Malgré cette première section consistante et stimulante, la deuxième partie de l’ouvrage s’en détache en empruntant une autre voie. Voulant souligner l’émergence de l’« emotional turn » (p. 15) en sciences sociales, cette section intitulée « La catastrophe entre récit et ressenti » présente trois études de cas qui articulent faiblement les enjeux de l’interdisciplinarité. Offertes par trois anthropologues, dont Gaëlle Clavandier, les contributions composant cette partie de l’ouvrage sont incontestablement riches pour l’étude des risques et des catastrophes, mais le lecteur doit présupposer que les auteurs ont réfléchi à l’interdisciplinarité et l’ont expérimentée.

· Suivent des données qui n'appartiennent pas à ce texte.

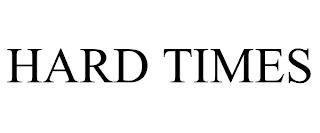 HARD TIMES trademark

Le manque d’illustration en ce sens tend à démontrer que l’approche anthropologique est intrinsèquement pluridisciplinaire et se suffit à elle-même, ce qui peut paraître contre-productif à l’égard de l’objectif poursuivi par ce livre.

Les gains de l’interdisciplinarité ne se révèlent pleinement que dans la troisième et dernière section : « L’interdisciplinarité à l’épreuve du terrain ». L’apport de Manuela Fernández (politologue-géographe) et Battista Matasci (géologue) est particulièrement digne de mention. Les deux auteurs détaillent leur expérience concrète de l’interdisciplinarité en exposant la confrontation de leurs méthodes et le croisement de leurs données respectives sur le terrain dans le cadre d’un mandat au Guatemala à la suite de glissements de terrain. Cette expérimentation des avantages, enjeux et défis démontre parfaitement « qu’aucune discipline ne peut avoir le monopole sur la construction des solutions » (p. 172).

Les catastrophes et l’interdisciplinarité réussit dans une certaine mesure le pari de traiter du risque et des catastrophes dans une perspective interdisciplinaire. Chaque chapitre propose une analyse plurielle de la catastrophe et de sa gestion, ce qui permet de décloisonner les champs disciplinaires respectifs des auteurs. Toutefois, l’articulation explicite de l’opérationnalisation de l’interdisciplinarité aurait pu être davantage développée dans certains cas, particulièrement dans la deuxième partie. Malgré cette limite, cet ouvrage demeure important pour valoriser l’incontournable approche multidisciplinaire dans la prévention et la gestion des catastrophes, et il plaira particulièrement aux anthropologues qui travaillent en Amérique latine, cadre de la grande majorité des exemples.